Planning a trip to Italy Sept 2010, Has anyone been to Maratea recently that can provide info on the area, Unit 5100 Upper or lower apartment, driving distance fro Naples Airport, etc.  Worth a visit or waste of time.  Should we fly to Rome and tent a car or take the train to Maratea and try to rent a car locally?

Thanks,


----------



## alwysonvac (Mar 23, 2009)

There are reviews and photos on Tripadvisor - http://www.tripadvisor.com/Hotel_Re...dence_Pianeta_Maratea-Maratea_Basilicata.html

Here's a link to their website - http://www.pianetamaratea.com/ (click on the flag to view the page in English)

TUG Rating & Reviews - http://tug2.com/RnR/ResortsGrid.aspx?ResortName=Pianeta Maratea


----------



## Laurie (Mar 23, 2009)

I don't know your entire itinerary, but we did an exchange into this resort back in 2000. We flew into Rome where we picked up a pre-booked rental car. The autostrada drive south was easy - getting up the mountain to the resort took awhile. We didn't make it to Pianeta Maratea til after dark, and it wasn't so easy to find, but I would pre-book a rental car in any case - and major airports will give you better pricing.

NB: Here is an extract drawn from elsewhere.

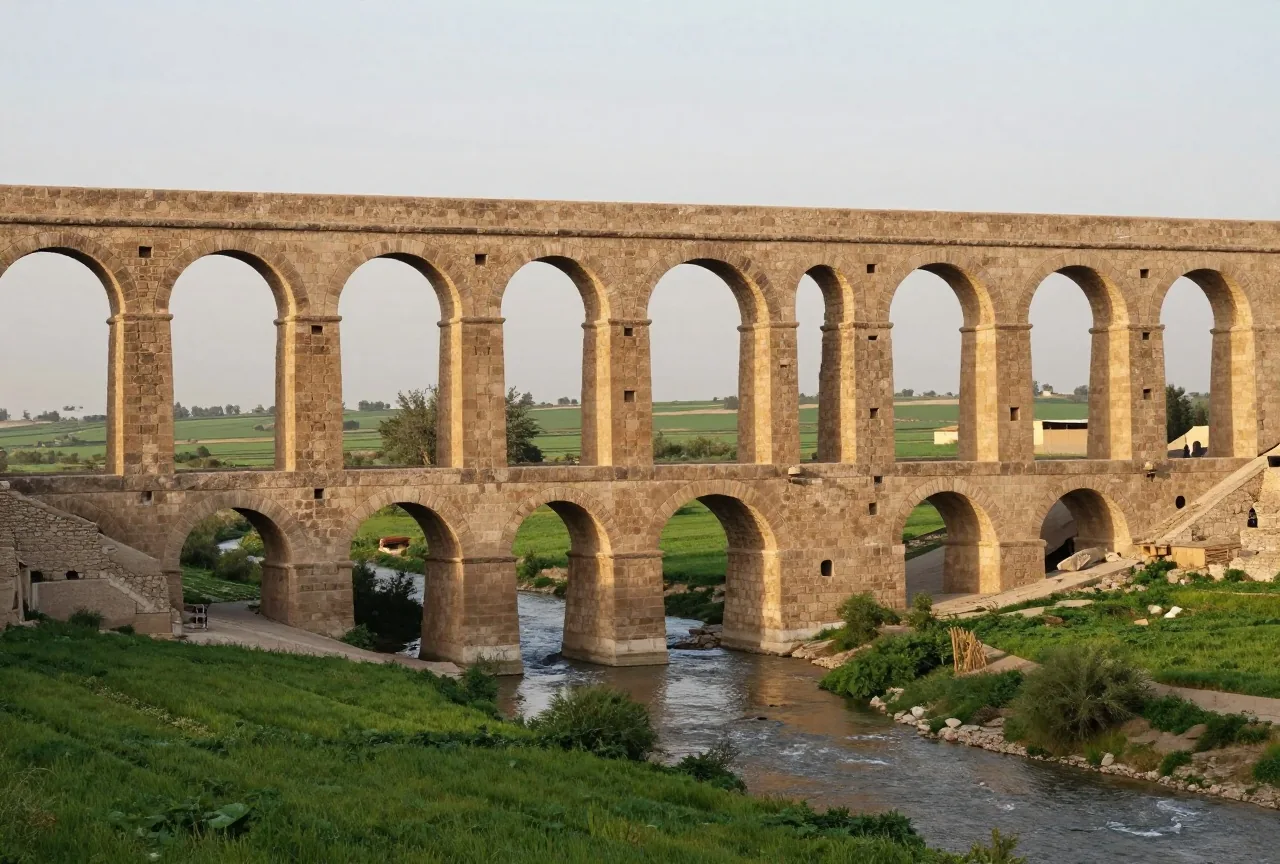 Ein antiker steinerner Aquädukt überquert ein flaches Flusstal im Norden des Irak zwischen grünen Feldern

Although Italy is about my favorite country and we've traveled there 4 times now and can't seem to get enough  - we didn't especially care for the location of this resort (nor our accommodations themselves) to warrant a whole week, and checked out early, to head for the "greener pastures" of Sorrento and the Amalfi coast for more days than we'd originally planned. If you haven't already, you can read my review here on TUG, it's the negative one - but it's dated, things may have improved over the past 9 years.

That said, Maratea is a very pretty medieval town, there are some other hill towns not too far away, and there's one excursion we didn't take from there that in retrospect, I wish we had - the ruins at Paestum.

Beyond that: Pompeii, Herculaneum, Sorrento and the Amalfi coast are absolutely worth your time - a bit farther from Maratea and IMO you'd want to at least overnight. 

I also wish I'd been more persistent in getting our unit switched - ours wasn't satisfactory in many ways, and the resort seemed half-empty. Our last evening at dinner, we spoke to some other guests who did get a different unit on request. You may get one you're happy with right off the bat, but if you don't, request a switch - and if they're not responsive, keep asking until you find a staff person who will help you. The upper apartments should have better views (the best feature of this resort), and if they're still having "animation" aka loud entertainment, the farther away from that, the better IMO.

Hope that helps - enjoy your trip!


----------



## Laurie (Mar 24, 2009)

Good sign - I read thru the tripadvisor reviews linked by alwysonvac above, and the bad ones were the earlier ones, the better ones the more recent - so it *does* sound like things at the resort have improved since our visit. Hope you'll report back to TUG on your return!


----------



## myhottoddy (Mar 24, 2009)

*Read the Reviews*

Laurie, Thanks for the tip on Trip Advisor, I have decided to wait until airline fairs are available for the travel dates (330 days out)  to confirm areservation.  $1,300 to $1,500 airfares from ABQ to FCO or higher to Naples do little to intice me.  We have a trip reserved to Playa Gramde in Cabo starting Dec 27, 2009 that will most likely be canceled due to air fare.

Tom


----------